For EUNX MENA - FZE, this policy is the cornerstone of a risk-intelligent ecosystem. It operationalizes VARA’s Regulatory Directives and UAE Federal AML-CFT Law (Decree No. 20/2018), translating complex mandates into actionable protocols. By integrating FATF’s risk-based approach, we aim to balance innovation with vigilance, fostering trust among regulators, clients, and stakeholders, ensuring that our platforms remain hostile to financial crime while accessible to legitimate users.
2.1 SCOPE
This policy governs every facet of EUNX MENA - FZE ’s virtual asset operations, extending beyond transactional oversight to encompass governance, technology, and third-party partnerships. Specifically, it applies to:
- Operational Activities: Brokerage services, over-the-counter (OTC) trading, custodial solutions, and cross-border transfers, including interactions with decentralized finance (DeFi) protocols.
- Personnel: All employees, contractors, and senior management, with specialized training modules for roles interfacing with high-risk clients or jurisdictions.
- Clients: Retail investors, institutional entities, and counterparty Virtual Asset Service Providers (VASPs), with risk-tiered due diligence protocols.
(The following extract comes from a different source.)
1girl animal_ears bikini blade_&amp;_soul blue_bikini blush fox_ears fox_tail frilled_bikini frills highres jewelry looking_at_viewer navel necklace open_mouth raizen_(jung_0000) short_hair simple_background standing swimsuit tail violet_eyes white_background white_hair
- Technological Infrastructure: Distributed ledger analytics tools (e.g., Chainalysis, Elliptic), AI-driven transaction monitoring systems, and multi-signature cold storage solutions.
2.2. OBJECTIVES
This policy is engineered to achieve the below interlinked strategic objectives:
- Risk Mitigation: Proactively identify and neutralize ML/TF/PF risks through a layered defense strategy, combining algorithmic surveillance, human intelligence, and regulatory foresight.
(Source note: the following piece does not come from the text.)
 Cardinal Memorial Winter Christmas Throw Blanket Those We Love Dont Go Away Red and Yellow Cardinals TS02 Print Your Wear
- Regulatory Compliance: Ensure adherence to VARA Rulebook Part III, UAE Federal AML/CFT laws (e.g. Federal Decree-Law No. 20/2018 and its amendments) the UAE Executive Office for Anti-Money Laundering and its guidelines, and FATF Recommendations.
- Operational Resilience: Embed compliance into the organizational DNA, from Board-level governance to frontline staff training, ensuring that risk management evolves alongside technological advancements.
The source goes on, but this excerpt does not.